Take every record and write it out again exactly, with no images included.
BEGIN MATERIAL TO PROCESS
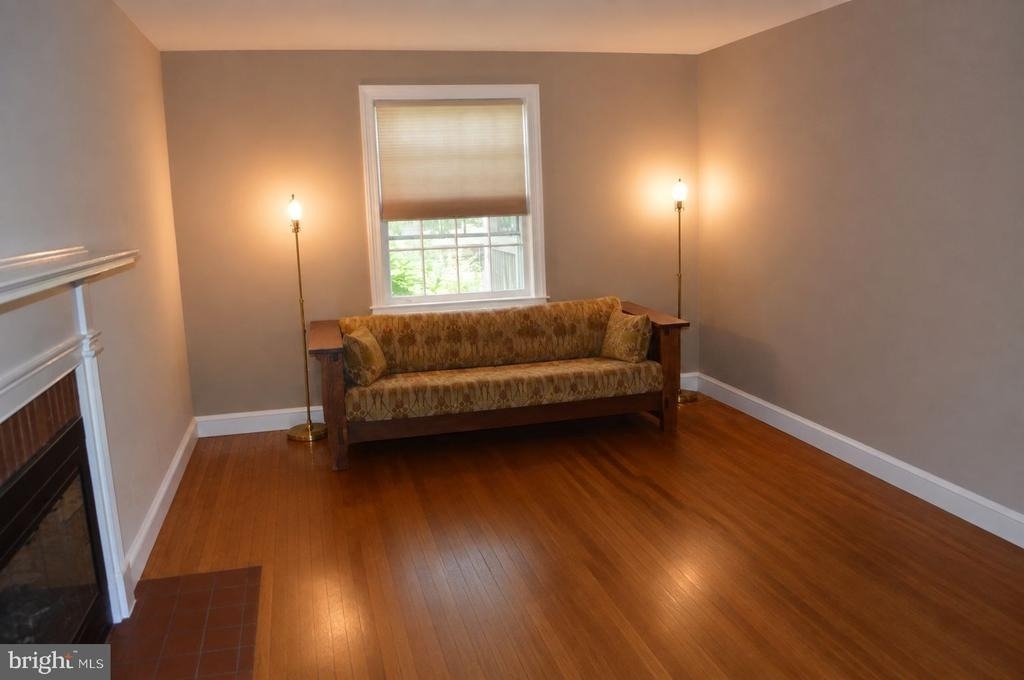 324 W Asher W - Photo 5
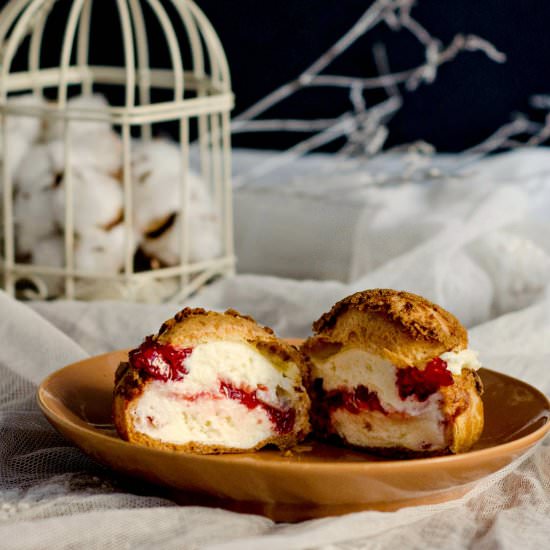 Raspberry Mascarpone Choux - Recipe photo by PastryWorkshop
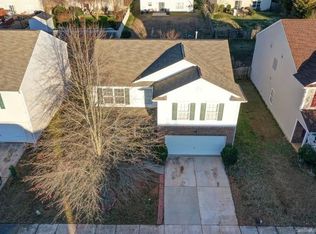 4710 Mortonhall Rd, Charlotte, NC 28215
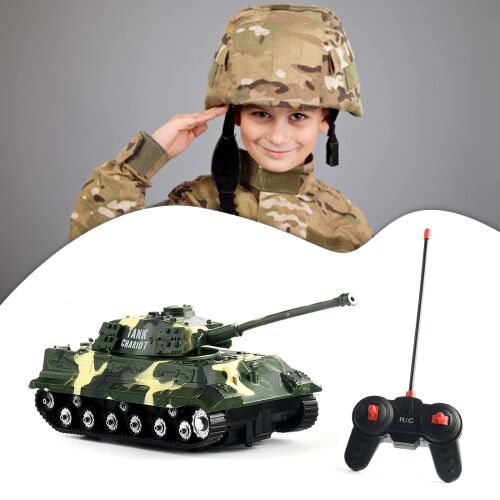 RC tank játék katonai ruhába öltözött gyermekkel a háttérben - Távirányítós jármű
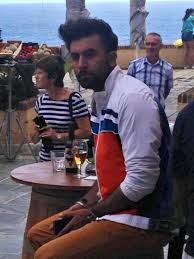 Zoomtv On Twitter Checkout Ranbir Kapoor S Hairstyle In Tamasha Http T Co Dqxepam8np Ranbir will portray three phases of sanjay dutt's life — the actor with a beefy. zoomtv on twitter checkout ranbir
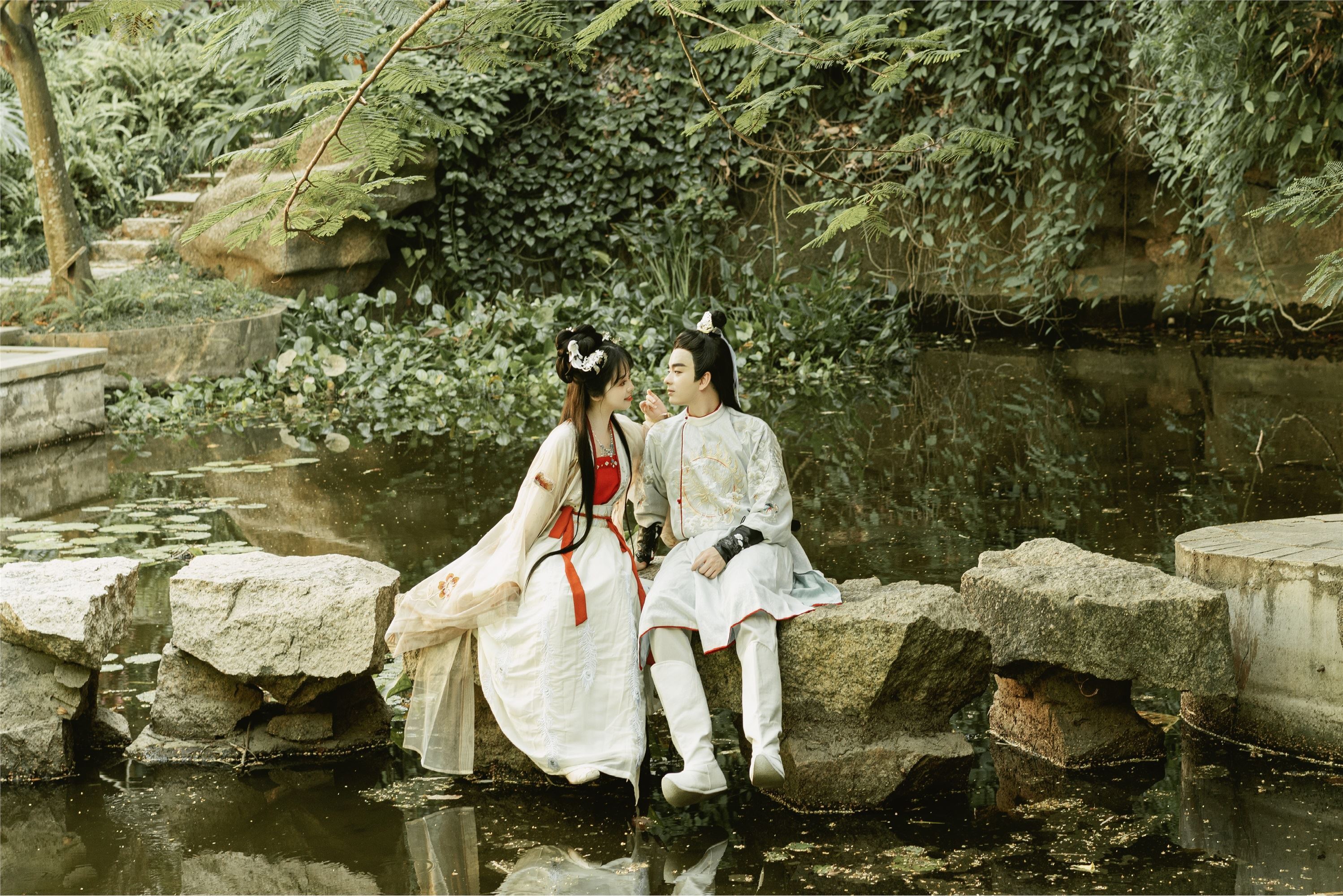 YITUYU艺图语 2021.09.06 思美人 霏霏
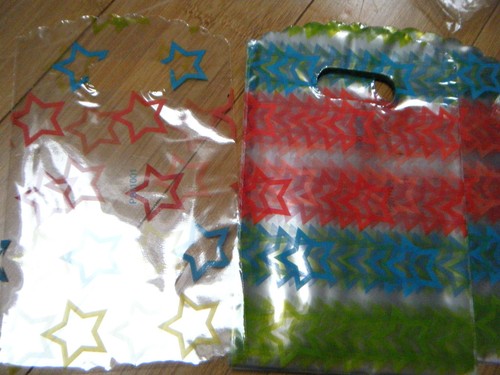 100 frosted plastic stars - 100,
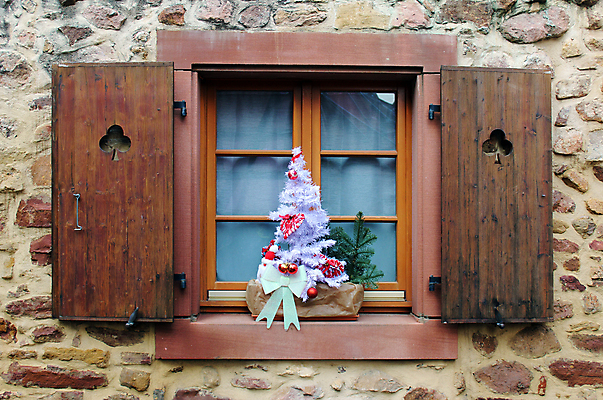 포토 JPG 해외이미지 나무 외관 벽 크리스마스 건축양식 창문 표면 벽돌 사람없음 건물 목재 장식 수확 시골 소나무 판넬 거친 작음 자르기 셔터 프랑스어 옛날 해외202007 해외포토 식물 문자 건축물 기념일 건축 농업 재료 모션 크기 파일형식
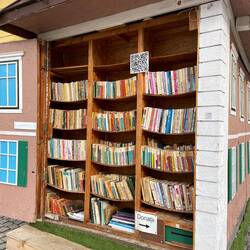 Bücherschrank auch in Rumänien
END MATERIAL TO PROCESS
• [ANSWER TO THE EXERCISE]
 324 W Asher W - Photo 5
 Raspberry Mascarpone Choux - Recipe photo by PastryWorkshop
 4710 Mortonhall Rd, Charlotte, NC 28215
 RC tank játék katonai ruhába öltözött gyermekkel a háttérben - Távirányítós jármű
 Zoomtv On Twitter Checkout Ranbir Kapoor S Hairstyle In Tamasha Http T Co Dqxepam8np Ranbir will portray three phases of sanjay dutt's life — the actor with a beefy. zoomtv on twitter checkout ranbir
 YITUYU艺图语 2021.09.06 思美人 霏霏
 100 frosted plastic stars - 100,
 포토 JPG 해외이미지 나무 외관 벽 크리스마스 건축양식 창문 표면 벽돌 사람없음 건물 목재 장식 수확 시골 소나무 판넬 거친 작음 자르기 셔터 프랑스어 옛날 해외202007 해외포토 식물 문자 건축물 기념일 건축 농업 재료 모션 크기 파일형식
 Bücherschrank auch in Rumänien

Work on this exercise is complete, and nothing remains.